-- Opening Marker --

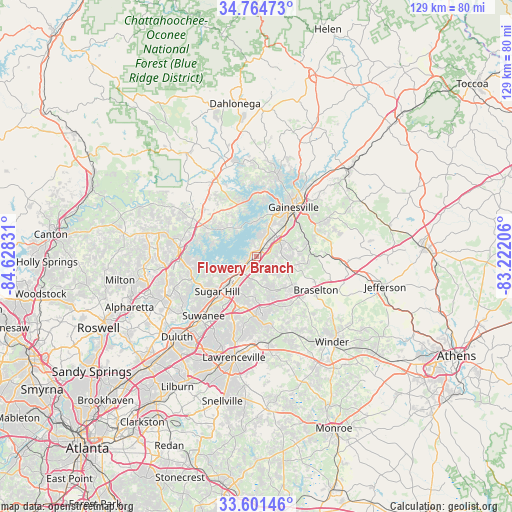 Flowery Branch on map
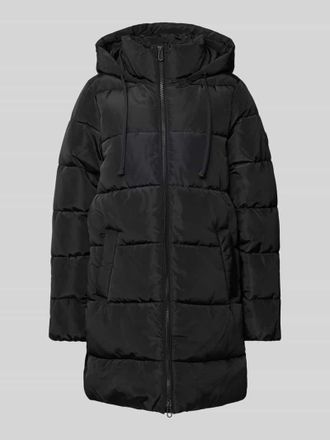 Tom Tailor Comfort Fit Steppmantel mit Kapuze und Stehkragen in Black, Größe XL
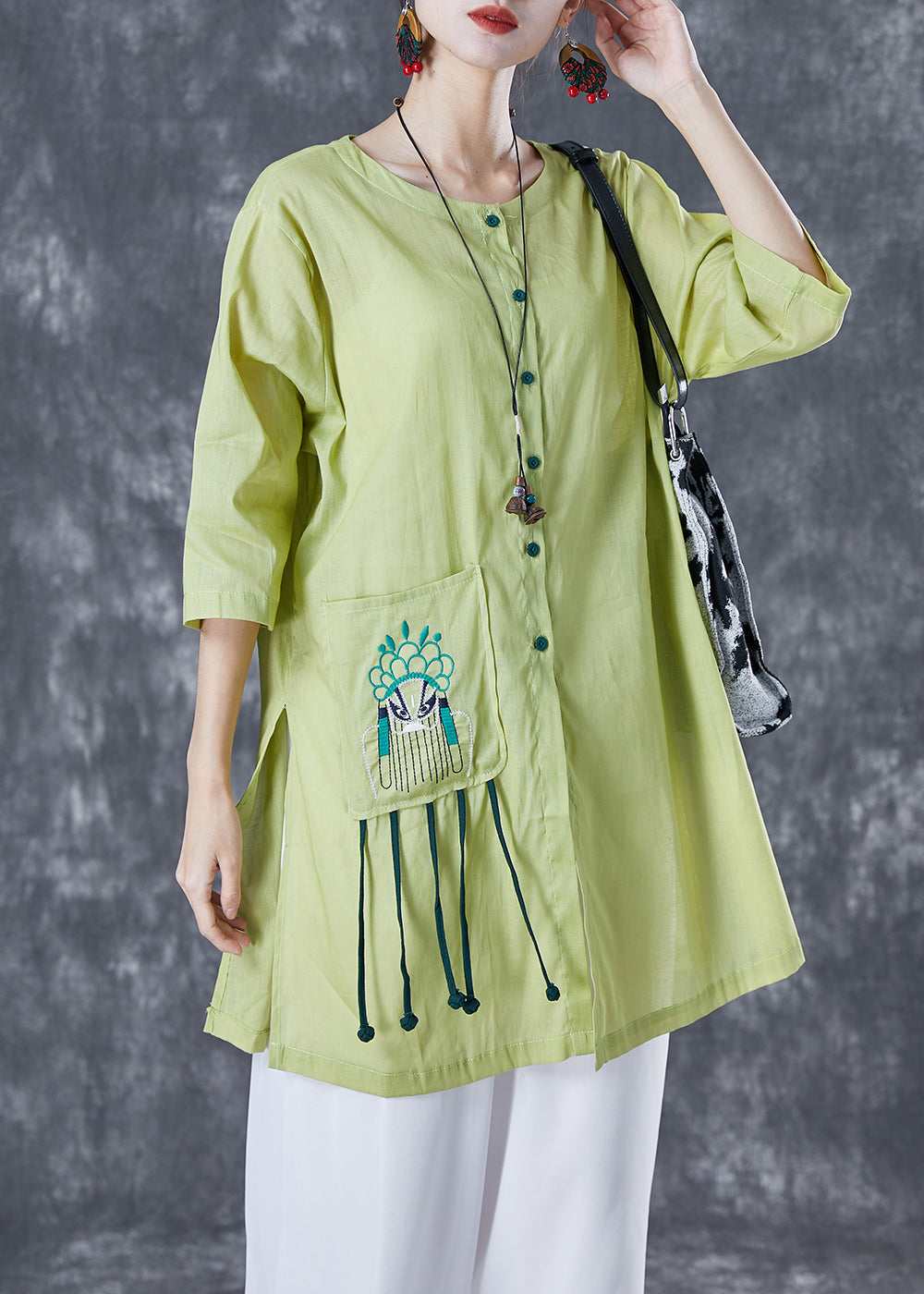 Fitted Green Embroideried Tassel Linen Top Half Sleeve LY4991 - fabuloryshop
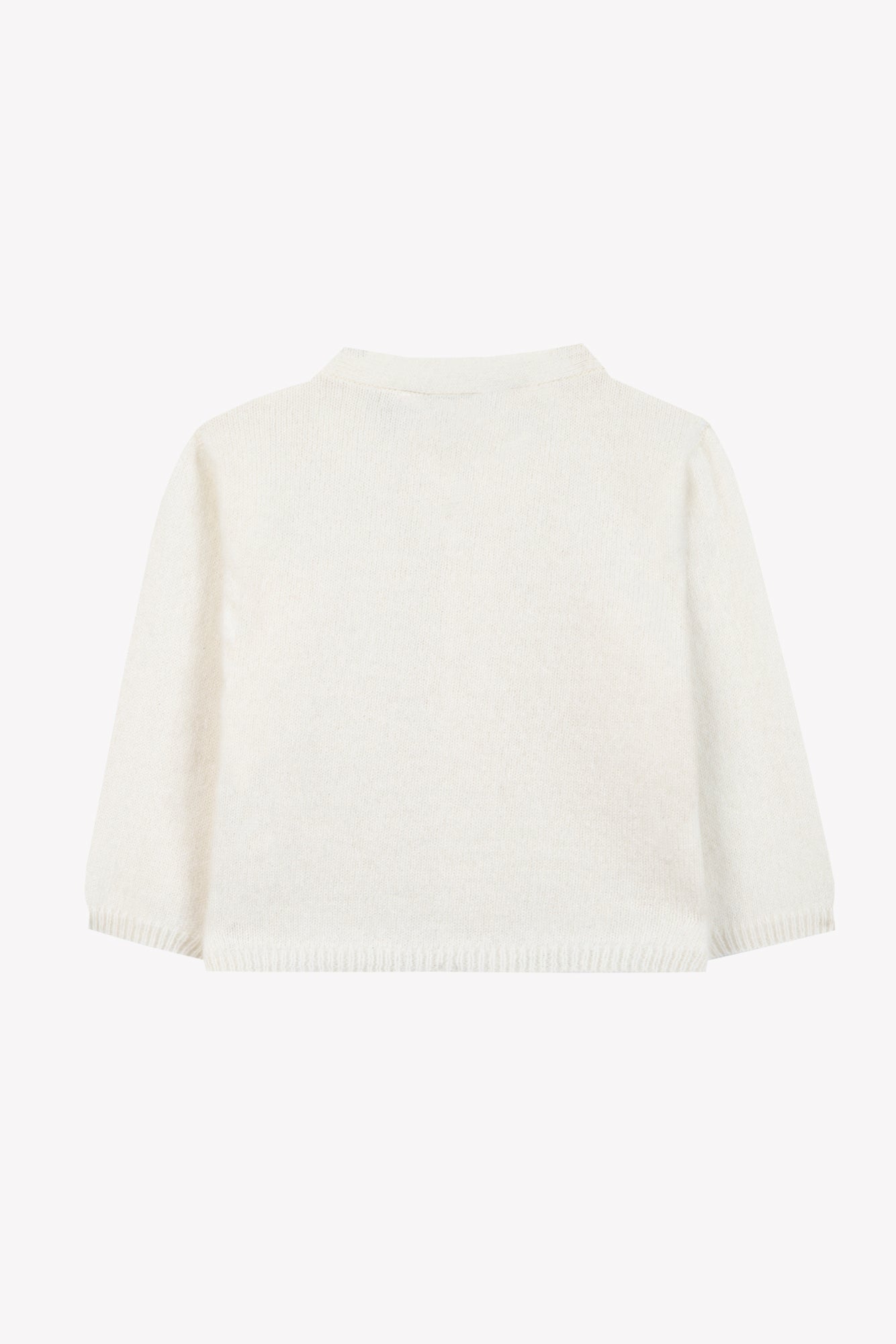 Cardigan - Madreperla  Cashmere Colletto v Maglia intrecciato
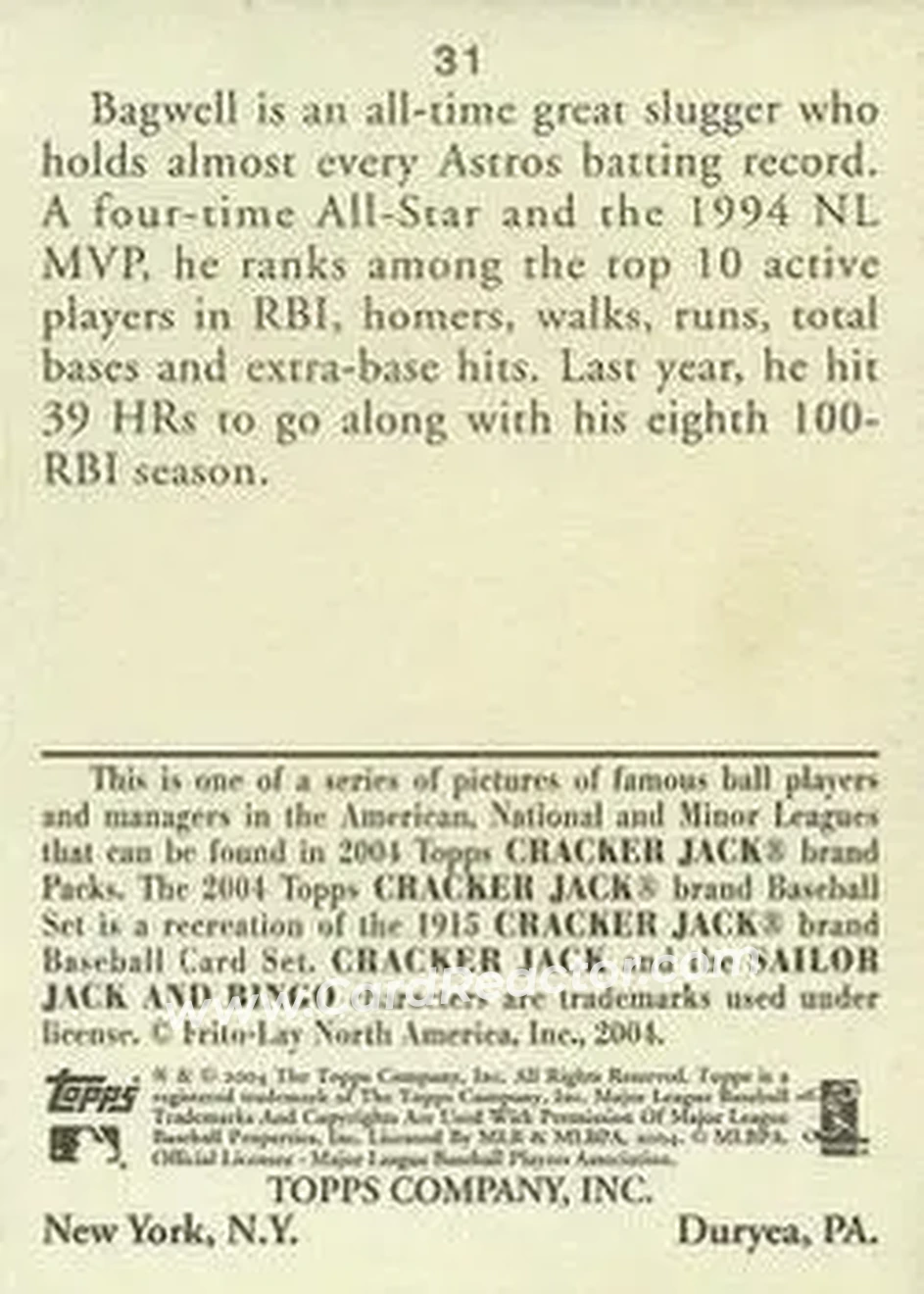 2004 Topps Cracker Jack #31 - Jeff Bagwell - Houston Astros - Back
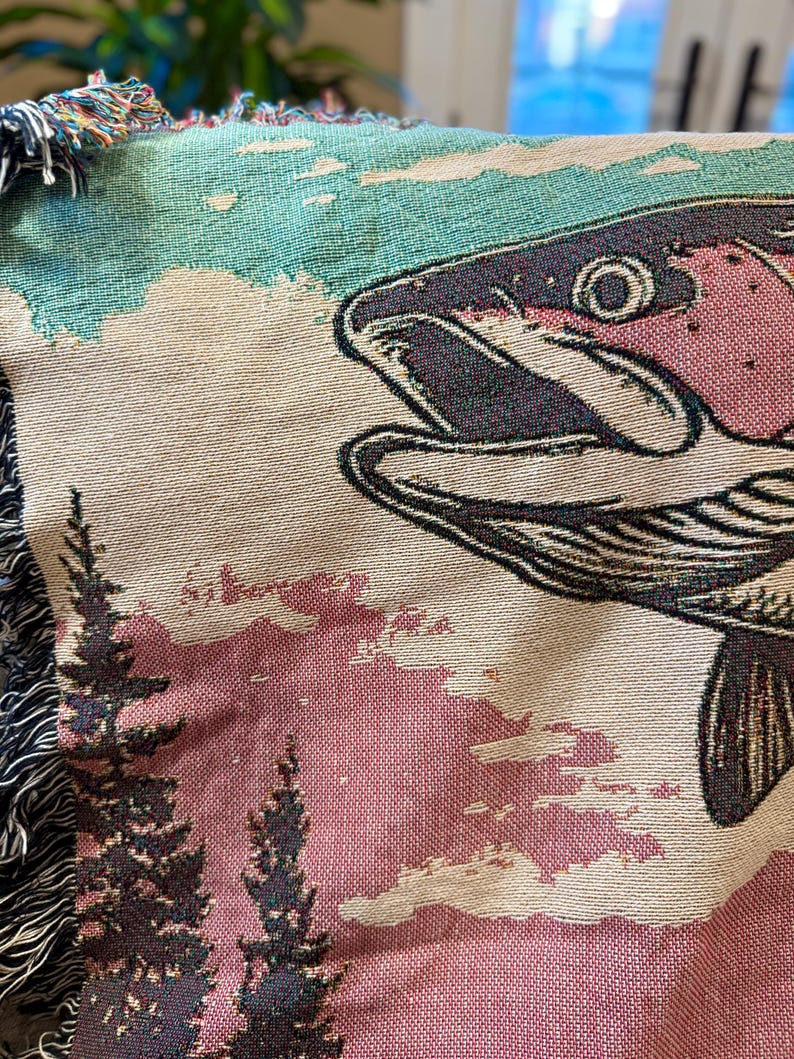 PunchyGifts Cabin Woven Throw Blanket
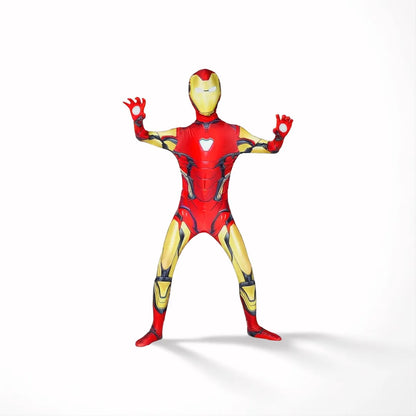 Red and gold armor-print spandex bodysuit with chest emblem; arms raised standing.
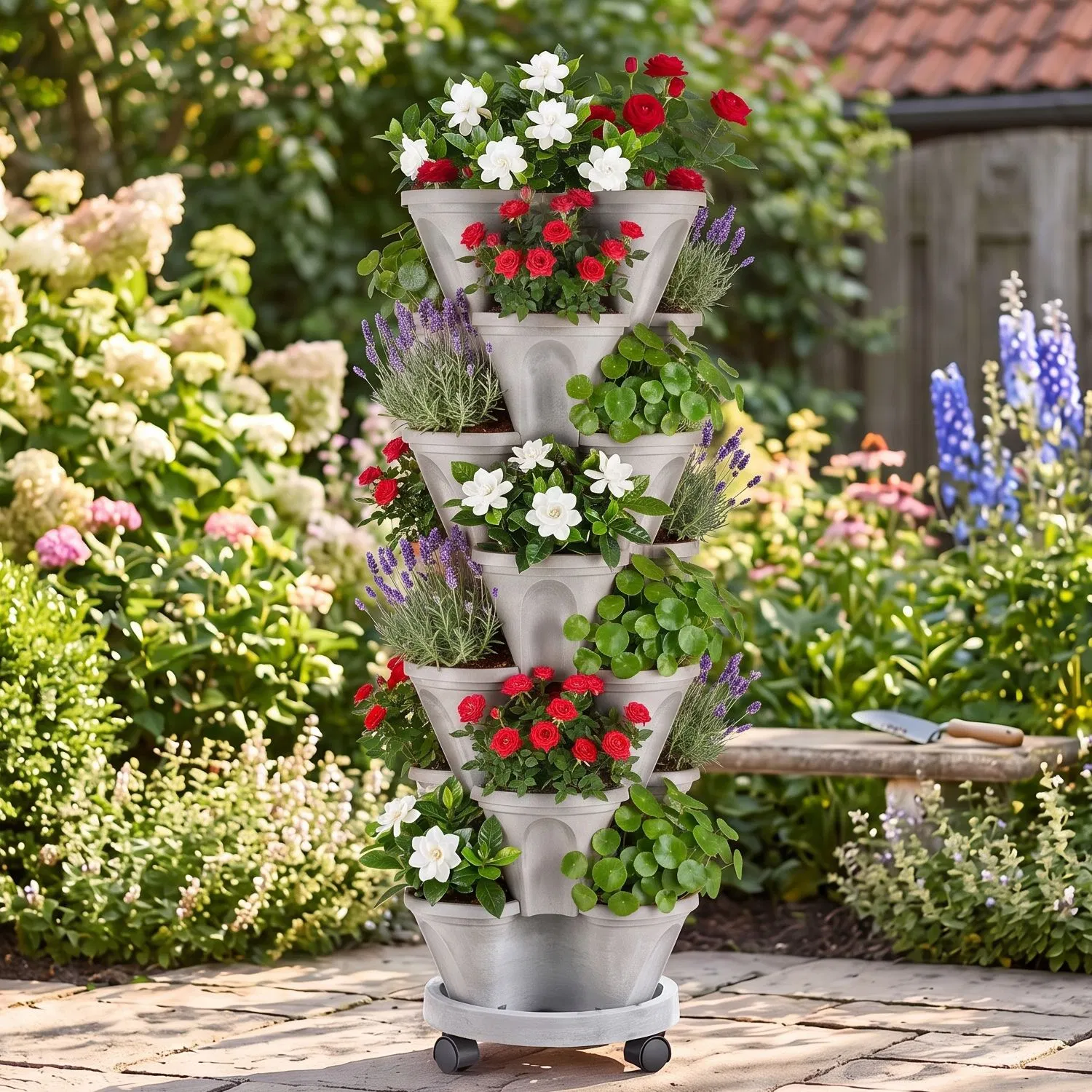 7-Tier Vertical Stackable Planter Tower with Casters, Space-Saving Stack-Up Garden Pots with Complete Tool Kit for Balcony, Deck, Indoor & Outdoor Gardening photo 2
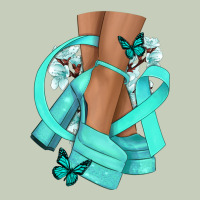 Ovarian Cancer Diva Teal Ribbon Ladies Tee | Teevron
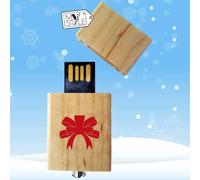 My Custom Style® Pen Drive USB Portachiavi IN LEGNO quadrata (dimensioni 4,5x2,5cm) spessore 0,8mm, modello Natale - Fiocco da 4Gb. Non accontentarTi della solita banale Pen Drive !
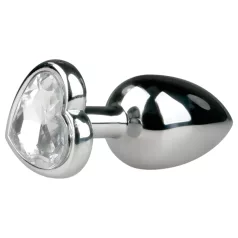 Easytoys Metal No.2 - Heart Jewel Anal Plug (Silver-White)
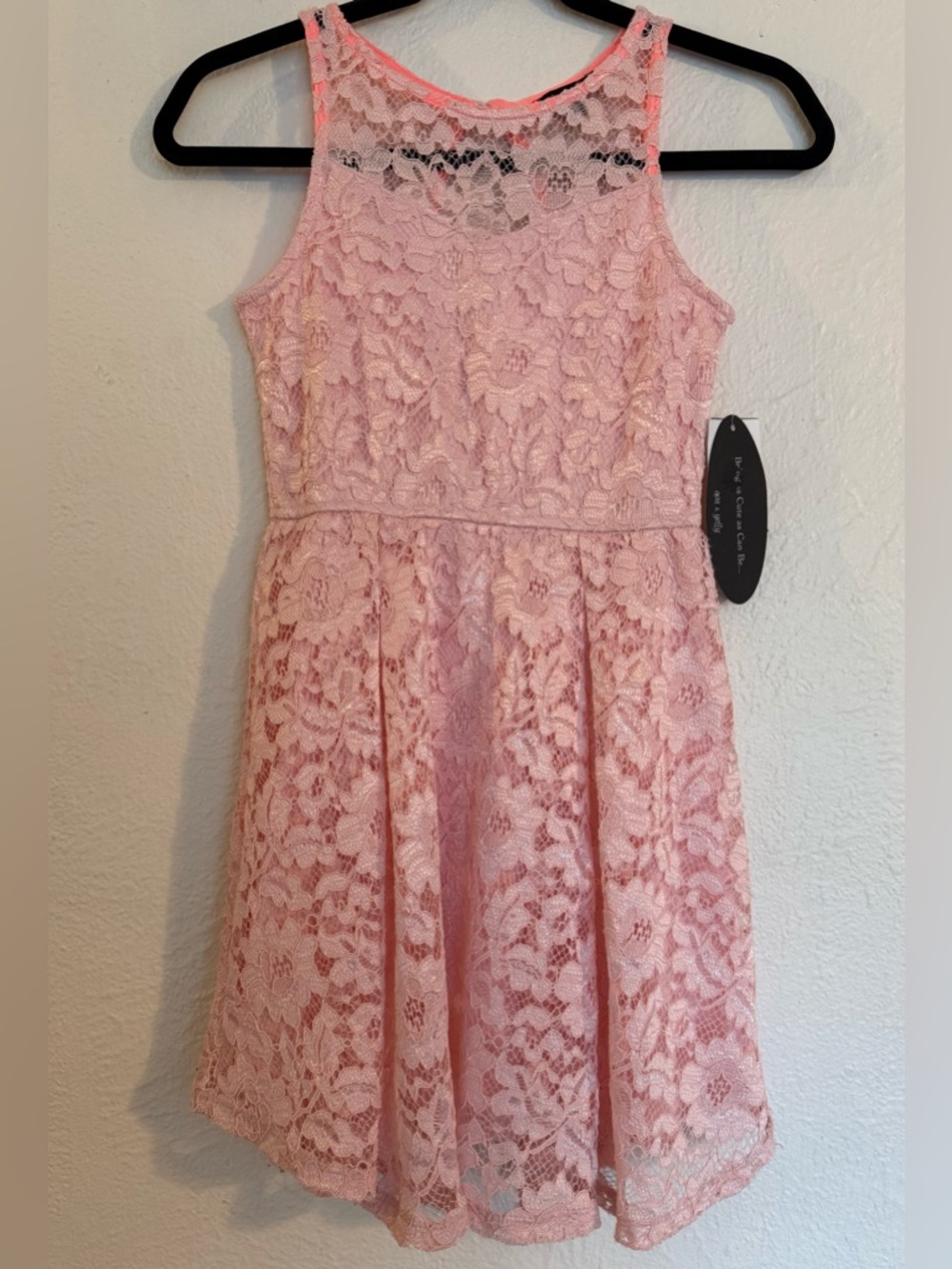 Nordstrom Girls Pink Lace Sleeveless Fit-and-Flare Dress
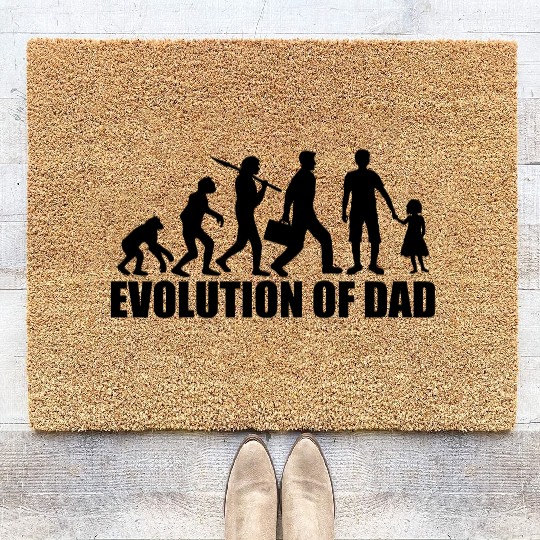 text evolution of dad dad dad and daughter father' Coir Doormats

-- Closing Marker --

_WORK TASK_.
Quote the data above in full, leaving out the pictures it holds.

_YOUR RESPONSE_.
 Flowery Branch on map
 Tom Tailor Comfort Fit Steppmantel mit Kapuze und Stehkragen in Black, Größe XL
 Fitted Green Embroideried Tassel Linen Top Half Sleeve LY4991 - fabuloryshop
 Cardigan - Madreperla  Cashmere Colletto v Maglia intrecciato
 2004 Topps Cracker Jack #31 - Jeff Bagwell - Houston Astros - Back
 PunchyGifts Cabin Woven Throw Blanket
 Red and gold armor-print spandex bodysuit with chest emblem; arms raised standing.
 7-Tier Vertical Stackable Planter Tower with Casters, Space-Saving Stack-Up Garden Pots with Complete Tool Kit for Balcony, Deck, Indoor & Outdoor Gardening photo 2
 Ovarian Cancer Diva Teal Ribbon Ladies Tee | Teevron
 My Custom Style® Pen Drive USB Portachiavi IN LEGNO quadrata (dimensioni 4,5x2,5cm) spessore 0,8mm, modello Natale - Fiocco da 4Gb. Non accontentarTi della solita banale Pen Drive !
 Easytoys Metal No.2 - Heart Jewel Anal Plug (Silver-White)
 Nordstrom Girls Pink Lace Sleeveless Fit-and-Flare Dress
 text evolution of dad dad dad and daughter father' Coir Doormats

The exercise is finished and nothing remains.